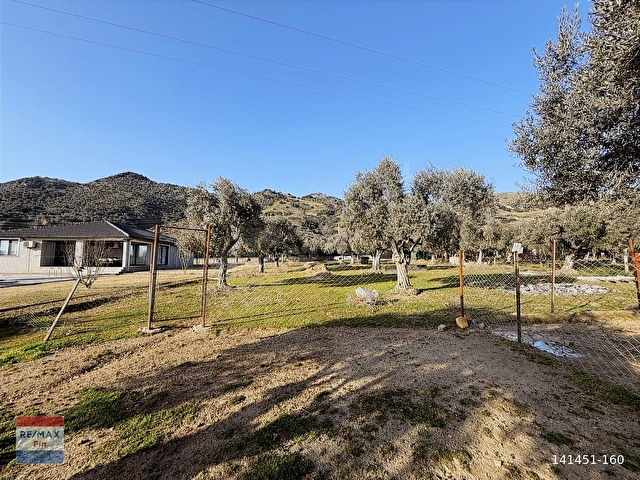 REMAX PİNDEN KIZILCAKÖYDE 60 METRE YOL CEPHELİ HAVUZLU VİLLA - Görsel 28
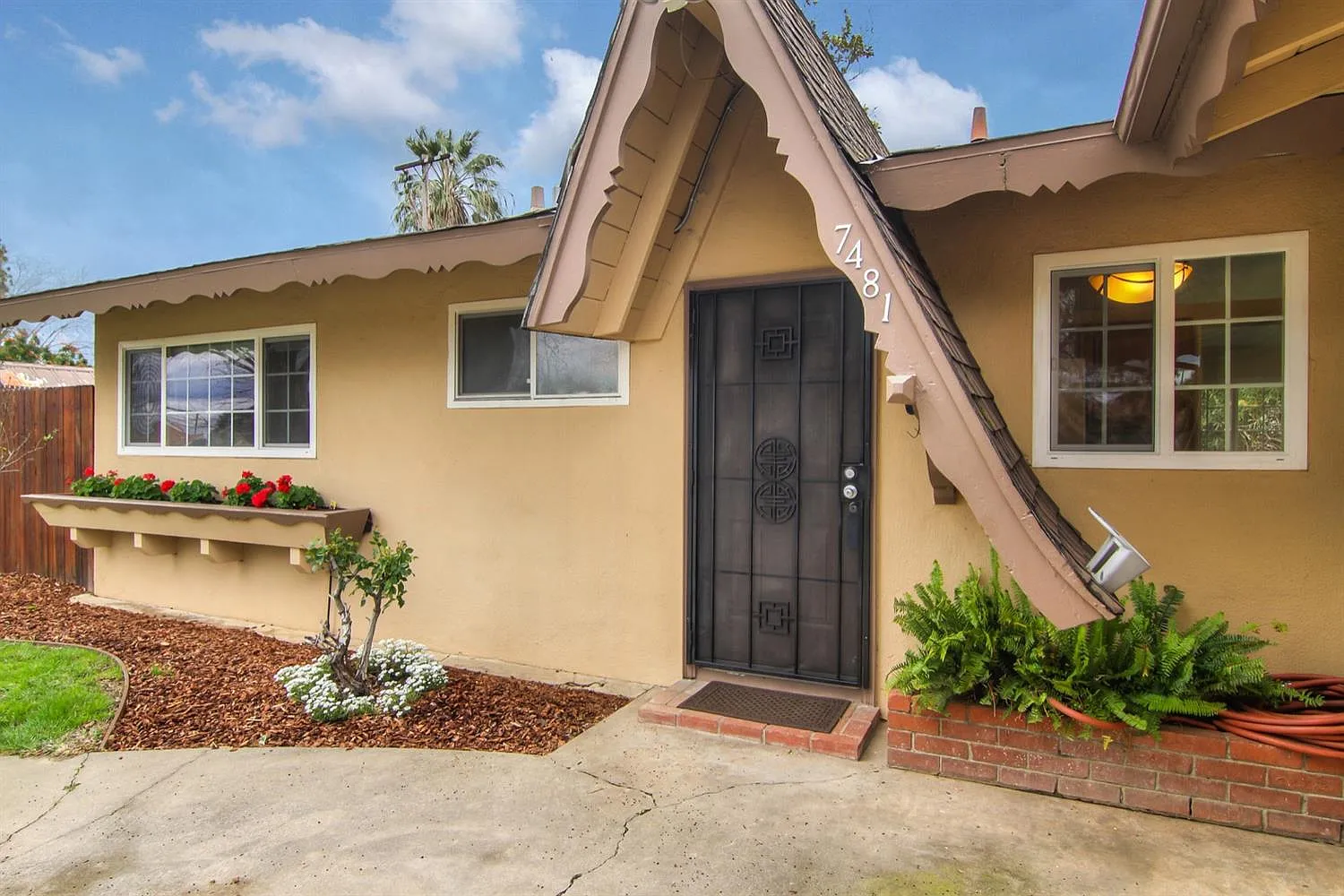 7481 Evening Way photo 1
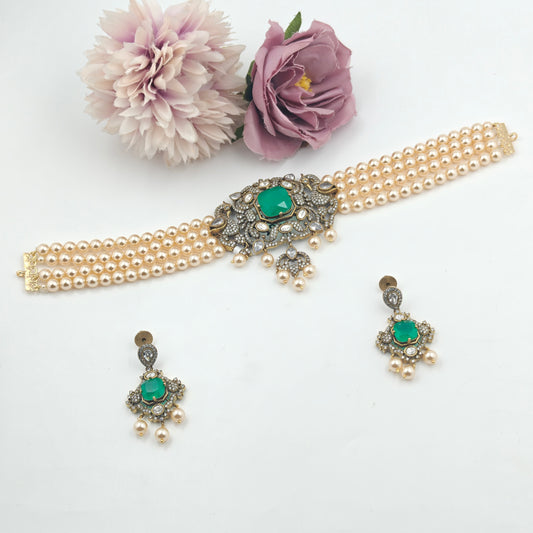 40666  Victorian green stone choker with Swaroski pearls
+++
_What to do_: Reproduce the full listing above verbatim, with no pictures included.

_The answer_:
 REMAX PİNDEN KIZILCAKÖYDE 60 METRE YOL CEPHELİ HAVUZLU VİLLA - Görsel 28
 7481 Evening Way photo 1
 40666  Victorian green stone choker with Swaroski pearls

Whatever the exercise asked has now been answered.